+++ Extracted entries

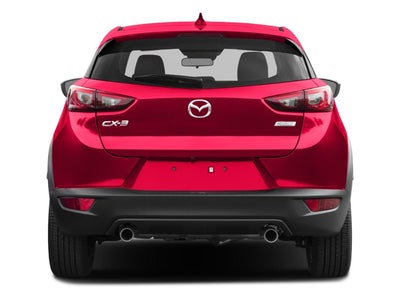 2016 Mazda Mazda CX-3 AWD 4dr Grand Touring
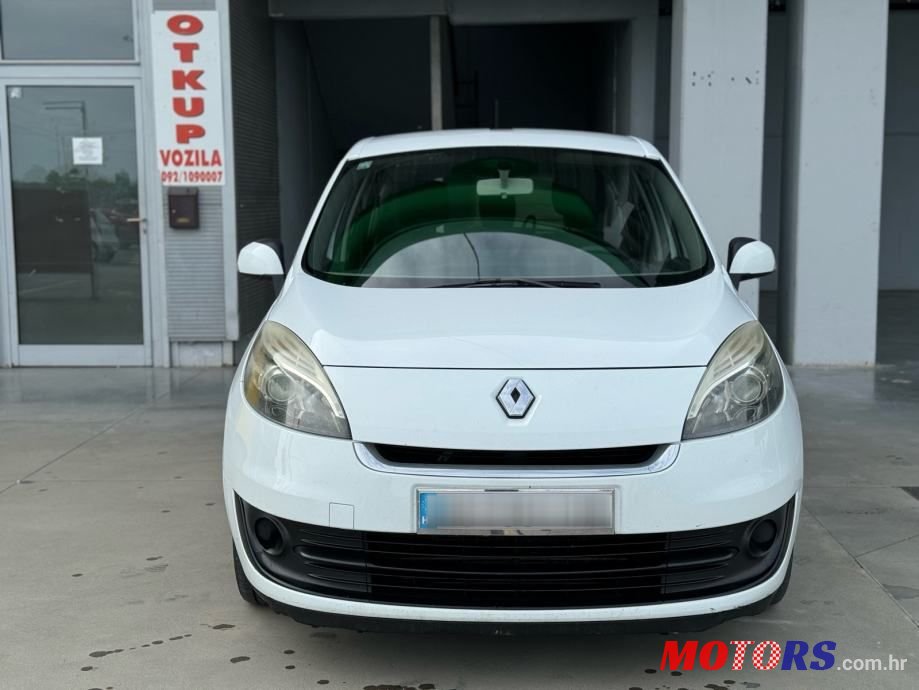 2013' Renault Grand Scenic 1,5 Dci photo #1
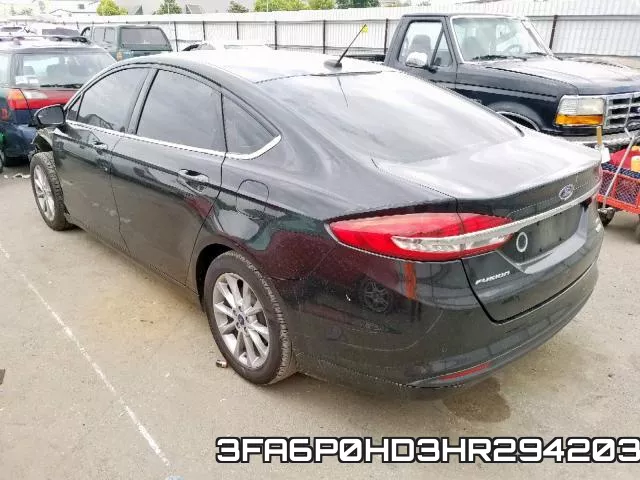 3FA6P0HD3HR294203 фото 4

++++++
+++ Extracted entries

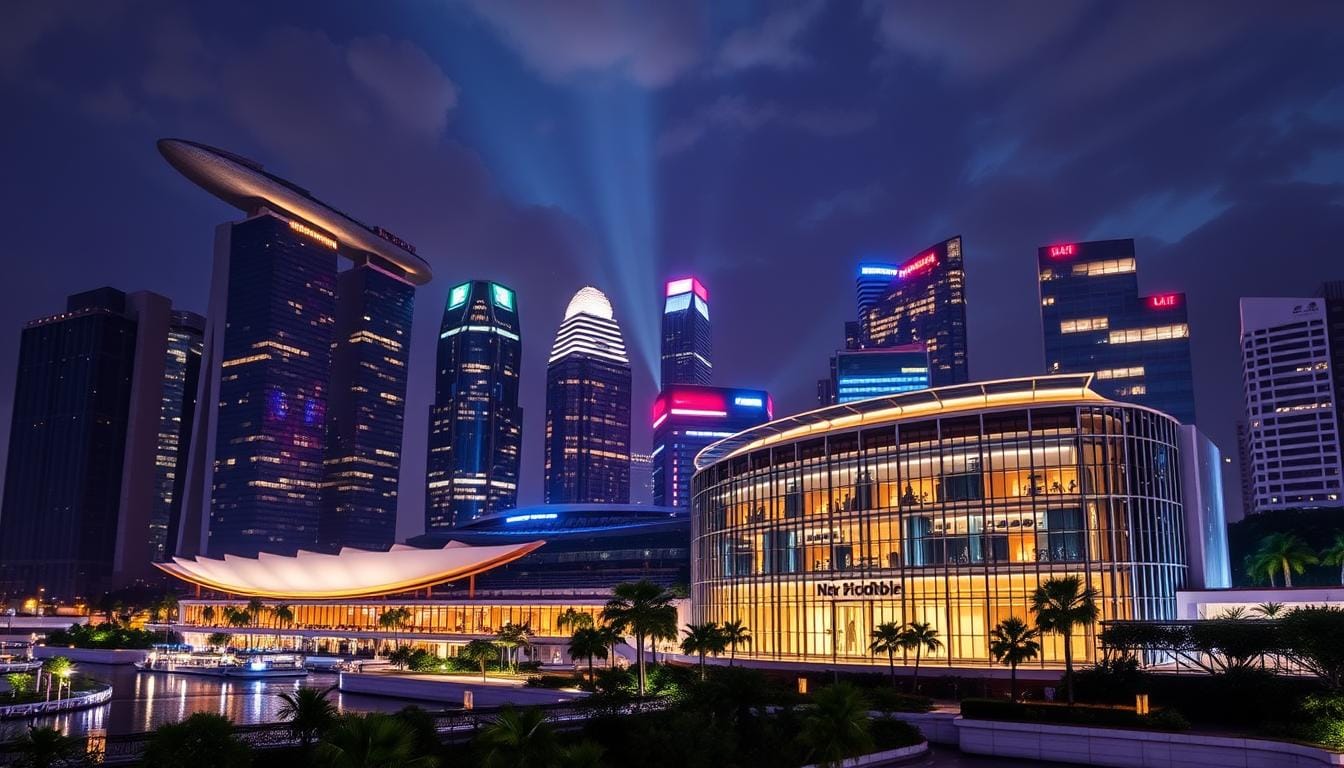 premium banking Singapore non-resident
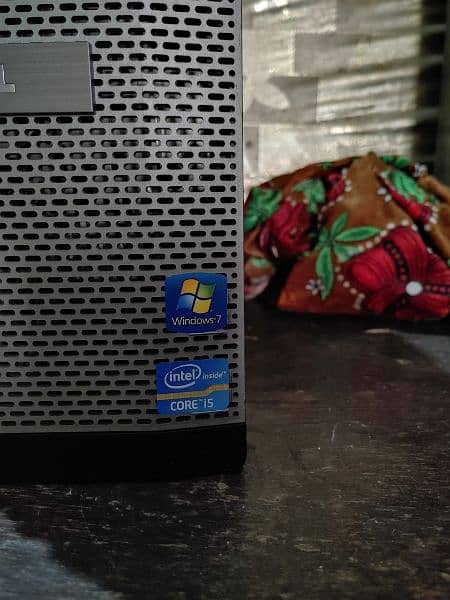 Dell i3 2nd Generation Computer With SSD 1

++++++
+++ Extracted entries

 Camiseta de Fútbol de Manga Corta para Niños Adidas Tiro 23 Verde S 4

++++++

**What is needed**
Only the lines above from the one containing "2016 Mazda Mazda CX-3 AWD 4dr Grand Touring" through the one containing "3FA6P0HD3HR294203 фото 4" should be returned, verbatim and inclusive, with pictures excluded.

**Solution**
 2016 Mazda Mazda CX-3 AWD 4dr Grand Touring
 2013' Renault Grand Scenic 1,5 Dci photo #1
 3FA6P0HD3HR294203 фото 4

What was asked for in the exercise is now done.